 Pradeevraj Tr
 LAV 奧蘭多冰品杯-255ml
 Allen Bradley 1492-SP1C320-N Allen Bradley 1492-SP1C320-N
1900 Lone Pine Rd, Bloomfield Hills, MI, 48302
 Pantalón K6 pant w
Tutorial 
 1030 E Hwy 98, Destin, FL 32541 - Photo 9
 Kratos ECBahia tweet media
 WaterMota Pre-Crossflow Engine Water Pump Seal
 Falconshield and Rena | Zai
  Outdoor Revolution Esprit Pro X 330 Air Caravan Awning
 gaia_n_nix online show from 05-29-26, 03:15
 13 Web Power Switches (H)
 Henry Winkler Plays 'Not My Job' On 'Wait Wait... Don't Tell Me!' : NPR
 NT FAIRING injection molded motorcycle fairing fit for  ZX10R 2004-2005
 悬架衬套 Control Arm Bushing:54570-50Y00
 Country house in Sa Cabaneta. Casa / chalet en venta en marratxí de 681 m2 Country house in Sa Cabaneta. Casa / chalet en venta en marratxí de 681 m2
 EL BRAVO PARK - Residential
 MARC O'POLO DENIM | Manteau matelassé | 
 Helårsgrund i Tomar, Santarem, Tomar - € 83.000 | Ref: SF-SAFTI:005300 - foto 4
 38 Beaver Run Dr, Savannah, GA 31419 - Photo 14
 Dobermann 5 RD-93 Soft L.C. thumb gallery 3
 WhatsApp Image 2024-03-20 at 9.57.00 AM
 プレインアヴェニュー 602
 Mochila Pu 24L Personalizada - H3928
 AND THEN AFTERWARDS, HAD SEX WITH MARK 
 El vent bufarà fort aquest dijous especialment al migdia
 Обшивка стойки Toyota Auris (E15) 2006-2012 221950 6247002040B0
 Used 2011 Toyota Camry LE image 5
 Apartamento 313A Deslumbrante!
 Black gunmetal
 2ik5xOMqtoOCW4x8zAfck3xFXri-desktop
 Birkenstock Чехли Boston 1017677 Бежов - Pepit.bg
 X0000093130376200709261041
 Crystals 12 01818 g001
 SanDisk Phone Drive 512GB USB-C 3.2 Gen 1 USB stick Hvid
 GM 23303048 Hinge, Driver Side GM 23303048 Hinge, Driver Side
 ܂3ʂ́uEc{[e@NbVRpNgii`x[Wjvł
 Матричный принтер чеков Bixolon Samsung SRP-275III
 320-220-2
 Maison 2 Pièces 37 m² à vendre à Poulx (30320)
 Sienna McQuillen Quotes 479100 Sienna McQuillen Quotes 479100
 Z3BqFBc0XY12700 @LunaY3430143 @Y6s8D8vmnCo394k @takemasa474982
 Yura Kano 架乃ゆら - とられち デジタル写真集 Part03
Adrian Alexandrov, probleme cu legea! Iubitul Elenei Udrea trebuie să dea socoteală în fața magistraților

▸ What to do: The required output is all of the material, word for word.

▸ Exercise solution:
 Pradeevraj Tr
 LAV 奧蘭多冰品杯-255ml
 Allen Bradley 1492-SP1C320-N Allen Bradley 1492-SP1C320-N
1900 Lone Pine Rd, Bloomfield Hills, MI, 48302
 Pantalón K6 pant w
Tutorial 
 1030 E Hwy 98, Destin, FL 32541 - Photo 9
 Kratos ECBahia tweet media
 WaterMota Pre-Crossflow Engine Water Pump Seal
 Falconshield and Rena | Zai
  Outdoor Revolution Esprit Pro X 330 Air Caravan Awning
 gaia_n_nix online show from 05-29-26, 03:15
 13 Web Power Switches (H)
 Henry Winkler Plays 'Not My Job' On 'Wait Wait... Don't Tell Me!' : NPR
 NT FAIRING injection molded motorcycle fairing fit for  ZX10R 2004-2005
 悬架衬套 Control Arm Bushing:54570-50Y00
 Country house in Sa Cabaneta. Casa / chalet en venta en marratxí de 681 m2 Country house in Sa Cabaneta. Casa / chalet en venta en marratxí de 681 m2
 EL BRAVO PARK - Residential
 MARC O'POLO DENIM | Manteau matelassé | 
 Helårsgrund i Tomar, Santarem, Tomar - € 83.000 | Ref: SF-SAFTI:005300 - foto 4
 38 Beaver Run Dr, Savannah, GA 31419 - Photo 14
 Dobermann 5 RD-93 Soft L.C. thumb gallery 3
 WhatsApp Image 2024-03-20 at 9.57.00 AM
 プレインアヴェニュー 602
 Mochila Pu 24L Personalizada - H3928
 AND THEN AFTERWARDS, HAD SEX WITH MARK 
 El vent bufarà fort aquest dijous especialment al migdia
 Обшивка стойки Toyota Auris (E15) 2006-2012 221950 6247002040B0
 Used 2011 Toyota Camry LE image 5
 Apartamento 313A Deslumbrante!
 Black gunmetal
 2ik5xOMqtoOCW4x8zAfck3xFXri-desktop
 Birkenstock Чехли Boston 1017677 Бежов - Pepit.bg
 X0000093130376200709261041
 Crystals 12 01818 g001
 SanDisk Phone Drive 512GB USB-C 3.2 Gen 1 USB stick Hvid
 GM 23303048 Hinge, Driver Side GM 23303048 Hinge, Driver Side
 ܂3ʂ́uEc{[e@NbVRpNgii`x[Wjvł
 Матричный принтер чеков Bixolon Samsung SRP-275III
 320-220-2
 Maison 2 Pièces 37 m² à vendre à Poulx (30320)
 Sienna McQuillen Quotes 479100 Sienna McQuillen Quotes 479100
 Z3BqFBc0XY12700 @LunaY3430143 @Y6s8D8vmnCo394k @takemasa474982
 Yura Kano 架乃ゆら - とられち デジタル写真集 Part03
Adrian Alexandrov, probleme cu legea! Iubitul Elenei Udrea trebuie să dea socoteală în fața magistraților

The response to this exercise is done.